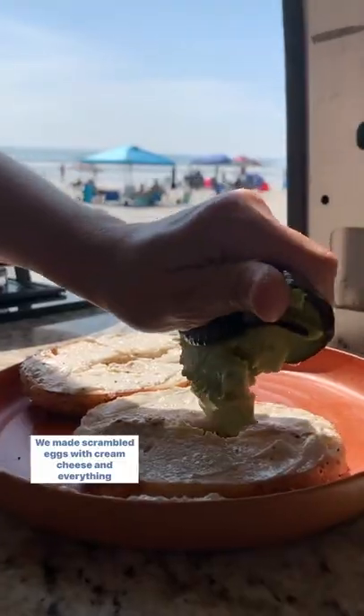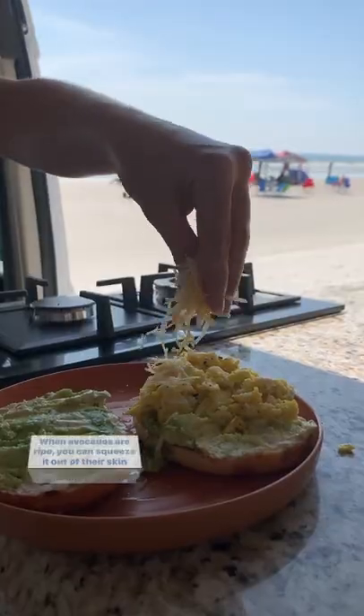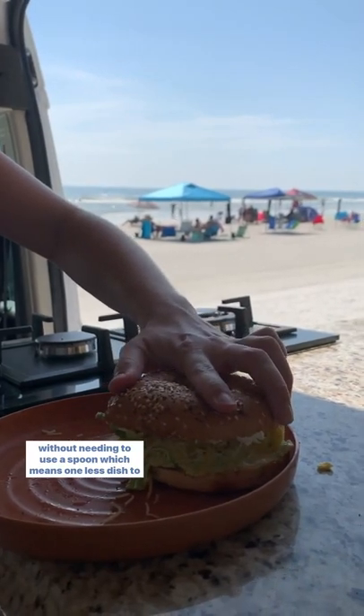We made scrambled eggs with cream cheese and everything bagels with avocado. When avocados are ripe, you can squeeze it out of their skin without needing to use a spoon, which means one less dish to clean.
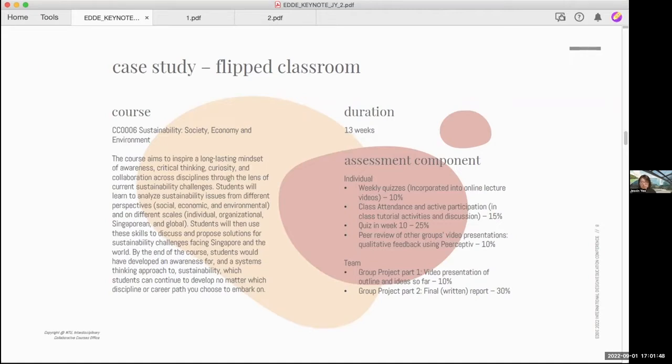The course I'm going to present here is CC006, a university core curriculum that focuses on sustainability in society, economy, and environment. The course aims to inspire a long-lasting mindset of awareness, critical thinking, curiosity, and collaboration across disciplines through the lens of current sustainability challenges. By learning how to analyze sustainability issues from different perspectives and on different scales — including individual, organizational, Singaporean, and global — students will discuss and propose solutions for sustainability challenges facing Singapore and the world. Ultimately, we want students to develop an awareness of and a systems-thinking approach to sustainability. The course runs for 13 weeks in a flipped classroom model.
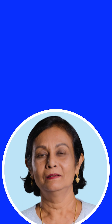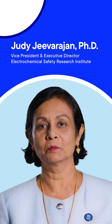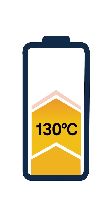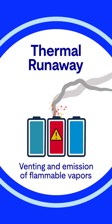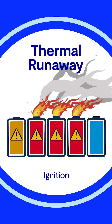So what is thermal runaway? Let's hear from expert Dr. Judy Jivarajan about how this occurs. Lithium-ion batteries have very high energy density, and so they're used in a lot of portable equipment. But if you don't design them correctly, use them correctly, charge them correctly, you can actually take them into an off-nominal condition and suddenly the temperature goes up so high that the battery can experience violent venting, emission of electrolyte vapors and particulates, and also fire and smoke.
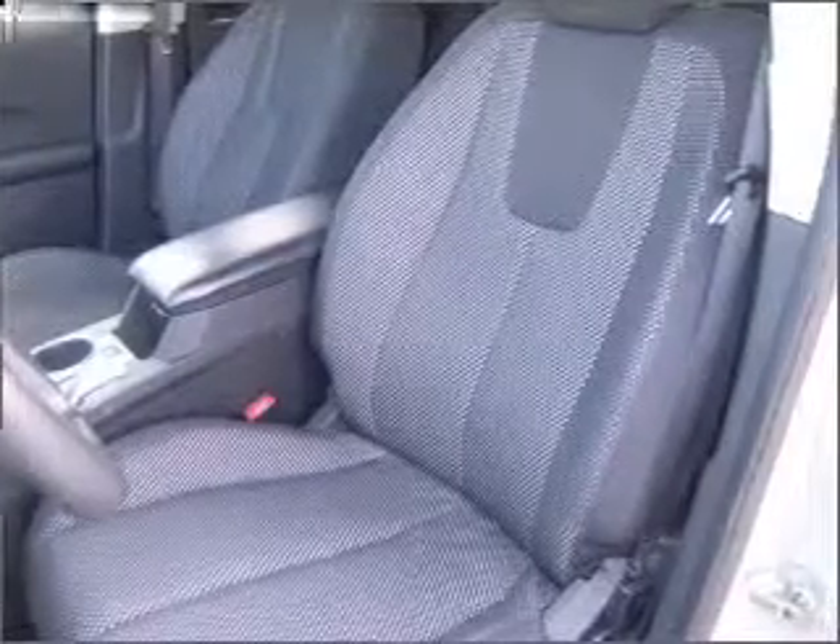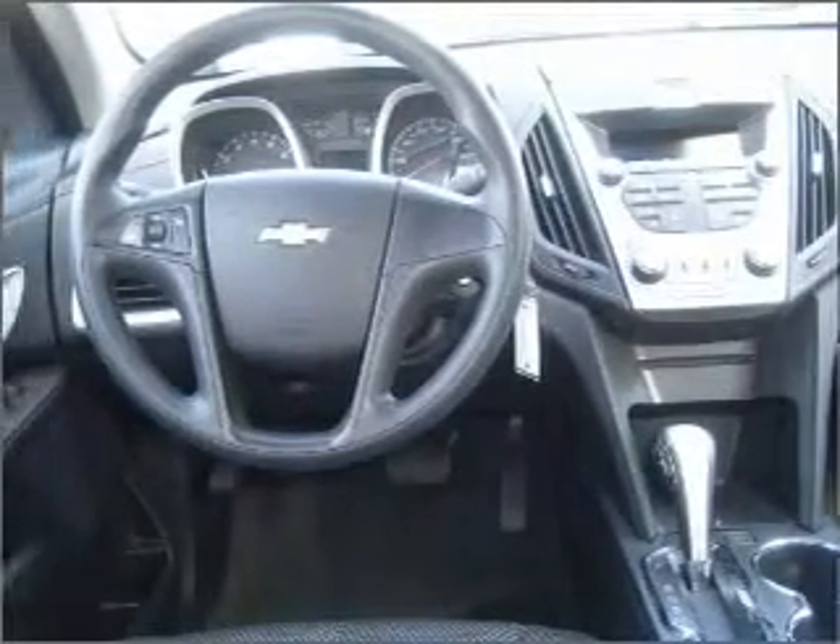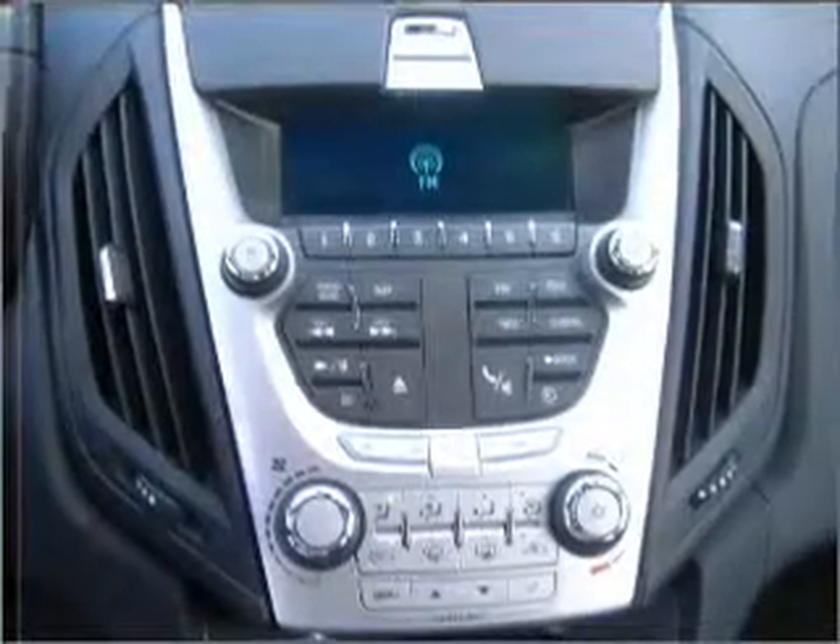Note this vehicle is protected with a security system. Fumble your keys no more with the convenience of keyless entry. Drive safer and more fuel efficient with the cruise control. Enjoy the ability to tilt your steering wheel to a comfortable angle.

INSTRUCTIONS TO FOLLOW:
The copy must start at the line containing "The course I'm" and end at the last line of the data, matching each line exactly. It must hold no pictures.

ANSWER SPACE:
The course I'm going to present here is CC006, a university core curriculum that focuses on sustainability in society, economy, and environment. The course aims to inspire a long-lasting mindset of awareness, critical thinking, curiosity, and collaboration across disciplines through the lens of current sustainability challenges. By learning how to analyze sustainability issues from different perspectives and on different scales — including individual, organizational, Singaporean, and global — students will discuss and propose solutions for sustainability challenges facing Singapore and the world. Ultimately, we want students to develop an awareness of and a systems-thinking approach to sustainability. The course runs for 13 weeks in a flipped classroom model.
So what is thermal runaway? Let's hear from expert Dr. Judy Jivarajan about how this occurs. Lithium-ion batteries have very high energy density, and so they're used in a lot of portable equipment. But if you don't design them correctly, use them correctly, charge them correctly, you can actually take them into an off-nominal condition and suddenly the temperature goes up so high that the battery can experience violent venting, emission of electrolyte vapors and particulates, and also fire and smoke.
Note this vehicle is protected with a security system. Fumble your keys no more with the convenience of keyless entry. Drive safer and more fuel efficient with the cruise control. Enjoy the ability to tilt your steering wheel to a comfortable angle.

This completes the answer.